Financial foundations to pave way for more Wenger success
If you take a look at English football’s movers and shakers, almost all of them have one thing in common – masses of money to spend. It seems every club from Manchester United to Notts County is either in the hands of a rich foreign owner or in takeover talks with one. These people often bring short term success but very rarely concern themselves with long-term fortunes.
However, one club has decided not to follow this trend and while the fellow members of the ‘big four’ have all been taken over in recent years, Arsenal have so far resisted any approach. In addition they have also built a new stadium and remained a threat on the domestic and European stage. This has been achieved in large, due to their manager’s shrewd transfer policy and faith in youth.
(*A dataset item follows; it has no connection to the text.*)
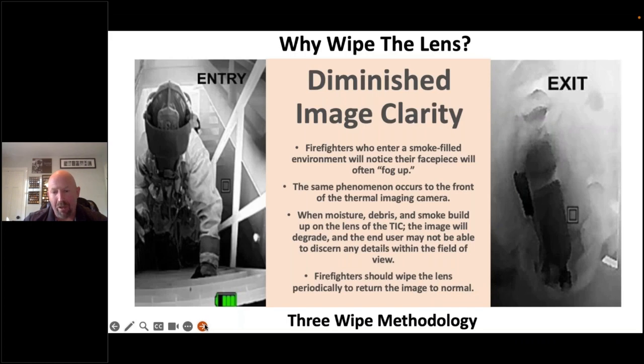Wiping the lens is a big issue — probably next to using the spot chamber, one of the biggest issues we run into is firefighters don't wipe the lens. They're wiping their face piece, but they don't think about the front of that camera, which has a lens that accumulates moisture, particulate, and debris that can obscure and stop the camera from seeing correctly.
“A team which averages 28 or 29 years old can maybe improve by 5% but a team averaging 22 years old can improve by 30%” Arsene Wenger told BBC Sport.
He added that Arsenal would only buy if: “we find better players than the ones we have already”.
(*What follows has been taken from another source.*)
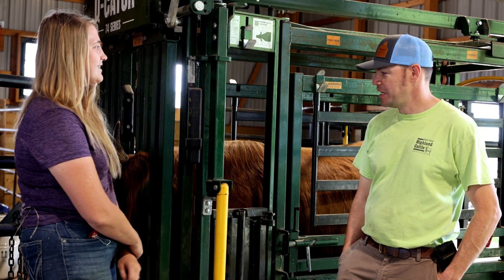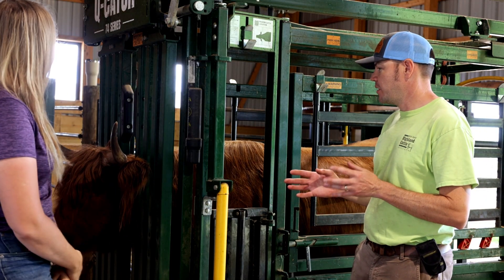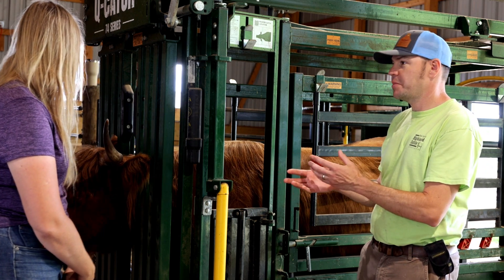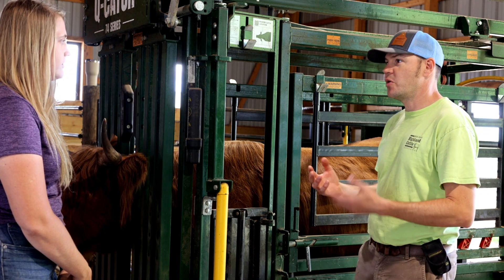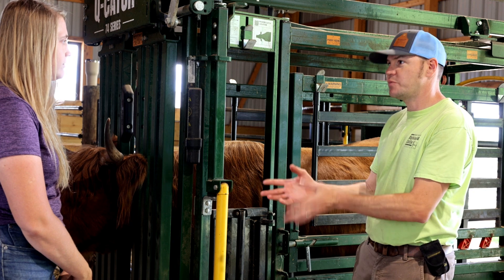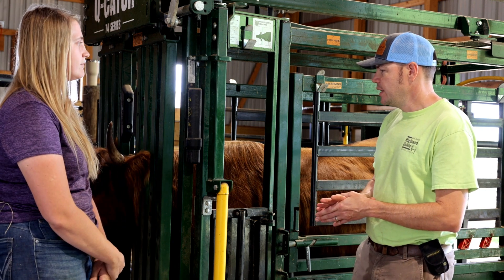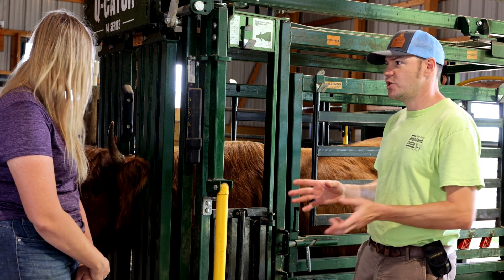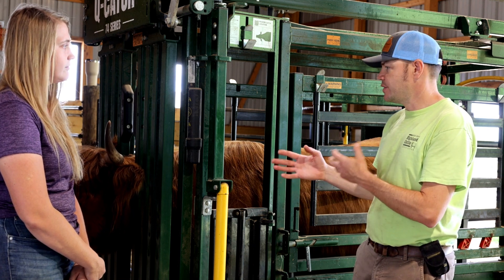This is Juul. So flushing means that we're going to super-ovulate the cow, then we're going to artificially inseminate, and then we're going to take those embryos out. There are different types of embryo creation, and in this case that's what flushing refers to. What we did with Juul is we first started by synchronizing her up, just like we would synchronize a cow that we're trying to breed for heat and AI.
It seems a simple philosophy but one that nobody else in modern football seems to share. Though it may be tempting to splash the cash when it becomes available, there is often a better solution. Manchester City are a prime example, having forked out over £100million on strikers in the last 12 months. There is little doubt the City now have a better range of options but unless Mark Hughes is planning to play six up front, the chances of discontent, resulting in poor team morale are high.
There is little doubt that Arsenal have endured a difficult 12 months but with a number of big players returning from injury Wenger is feeling confident.
“I envisage only one order,” the 59 year old said.
“That is Arsenal finishing on top and all the rest can do what they want.”
With a net spend since 2004 of minus £25million, any such success would cement Wenger’s status as one of English football’s greatest ever managers. It may even make other clubs think twice about their financial dealings. Well, it’s unlikely, but you can but hope.